Mizoguchi’s obsession with the temple represents an attempt to fill this void. But Mizoguchi realizes that the temple symbolizes something fundamentally alien both to his nature and to postwar Japanese society in general. The temple was inextricably linked with the history and iconography of Imperial Japan. Initially Mizoguchi sees it as a refuge from the nihilistic apathy and emptiness of the society in which he lives. Yet the more he broods upon this alienation, the more resentful and vengeful he becomes. Thus the destruction of the temple in part represents a subconscious attempt to eradicate what remained of Imperial Japanese civilization. By the end of the novel, Mizoguchi dreams of bringing about nationwide anarchy: “When the Golden Temple has been burned down . . . the world of these fellows will be transformed, the golden rule of their lives will be turned upside down, their train timetables will be thrown into utter confusion, their laws will be without effect” (185).
The novel possesses a political significance on a broader level in that it sheds light on the psychology behind modern leftism. This is best articulated when Mizoguchi voices his hope that the temple will be destroyed in American air raids: “What I dreamed of was something like a huge heavenly compressor that would bring down disasters, cataclysms and superhuman tragedies, that would crush beneath it all human beings and all objects, irrespective of their ugliness or their beauty” (47). Such represents egalitarianism taken to its logical conclusion. It is impossible to create equality by raising everyone to an equal level. Complete equality can only be achieved by cutting down “tall poppies” and eliminating standards altogether. Mizoguchi’s fantasy finds a parallel in modern progressive ideology.
There is also a semi-autobiographical dimension to the novel. As a child, Mishima was weak, sickly, and smaller than average. He was raised during his formative years by his grandmother, who kept him indoors and forbade him from playing with other boys or engaging in rough play.

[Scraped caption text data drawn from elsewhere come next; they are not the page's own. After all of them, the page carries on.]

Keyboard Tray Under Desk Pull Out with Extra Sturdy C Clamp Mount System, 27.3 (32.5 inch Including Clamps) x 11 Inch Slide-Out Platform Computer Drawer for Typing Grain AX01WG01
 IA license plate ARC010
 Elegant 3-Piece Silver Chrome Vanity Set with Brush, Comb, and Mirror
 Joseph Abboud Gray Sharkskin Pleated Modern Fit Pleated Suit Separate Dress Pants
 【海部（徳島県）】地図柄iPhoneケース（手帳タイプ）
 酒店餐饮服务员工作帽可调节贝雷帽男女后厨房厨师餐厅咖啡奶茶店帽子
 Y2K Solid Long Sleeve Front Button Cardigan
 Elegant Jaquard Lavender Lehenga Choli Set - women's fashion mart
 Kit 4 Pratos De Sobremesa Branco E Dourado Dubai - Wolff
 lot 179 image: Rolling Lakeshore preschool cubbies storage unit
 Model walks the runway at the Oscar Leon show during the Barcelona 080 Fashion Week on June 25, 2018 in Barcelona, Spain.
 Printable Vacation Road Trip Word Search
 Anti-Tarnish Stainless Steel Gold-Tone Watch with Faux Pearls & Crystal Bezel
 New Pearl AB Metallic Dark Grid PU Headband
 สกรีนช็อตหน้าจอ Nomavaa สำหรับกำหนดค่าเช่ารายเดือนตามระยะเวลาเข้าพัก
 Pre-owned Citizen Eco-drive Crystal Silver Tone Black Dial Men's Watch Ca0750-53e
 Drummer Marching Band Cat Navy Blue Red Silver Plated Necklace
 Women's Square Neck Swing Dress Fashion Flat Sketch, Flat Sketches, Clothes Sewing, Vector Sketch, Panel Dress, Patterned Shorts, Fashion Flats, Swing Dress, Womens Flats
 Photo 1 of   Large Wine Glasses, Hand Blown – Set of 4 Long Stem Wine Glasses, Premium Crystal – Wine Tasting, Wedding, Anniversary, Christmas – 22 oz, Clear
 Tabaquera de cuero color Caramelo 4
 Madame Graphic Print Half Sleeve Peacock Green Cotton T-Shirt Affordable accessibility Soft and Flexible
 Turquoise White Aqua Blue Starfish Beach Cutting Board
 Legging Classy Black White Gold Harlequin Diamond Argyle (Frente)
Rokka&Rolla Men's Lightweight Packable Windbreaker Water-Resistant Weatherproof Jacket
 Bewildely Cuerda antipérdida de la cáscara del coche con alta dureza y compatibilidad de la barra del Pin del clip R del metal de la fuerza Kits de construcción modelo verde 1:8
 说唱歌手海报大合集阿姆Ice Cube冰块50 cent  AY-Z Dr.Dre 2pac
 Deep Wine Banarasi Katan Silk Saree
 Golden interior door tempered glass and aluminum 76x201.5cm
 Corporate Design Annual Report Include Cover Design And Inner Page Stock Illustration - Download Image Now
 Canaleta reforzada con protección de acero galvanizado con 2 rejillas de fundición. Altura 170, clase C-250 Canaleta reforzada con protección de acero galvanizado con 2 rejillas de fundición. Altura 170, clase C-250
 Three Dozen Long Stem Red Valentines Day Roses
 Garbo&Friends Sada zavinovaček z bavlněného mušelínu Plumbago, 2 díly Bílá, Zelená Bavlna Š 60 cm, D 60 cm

Like Mizoguchi, the young Mishima was introspective, solitary, and obsessed with the ideal of beauty. Mizoguchi mentions that “when action was needed, [he] was always absorbed in words” (12), which recalls Mishima’s description of his childhood in Sun and Steel. However, rather than lashing out at society on account of his physical inferiority, Mishima sought to strengthen himself and became a bodybuilder as well as a skilled practitioner of Japanese kendo (swordsmanship).
Individuals like Mizoguchi are thus faced with a choice. They can seek either to destroy hierarchical value systems or to uphold transcendent ideals like beauty and greatness and aspire toward them.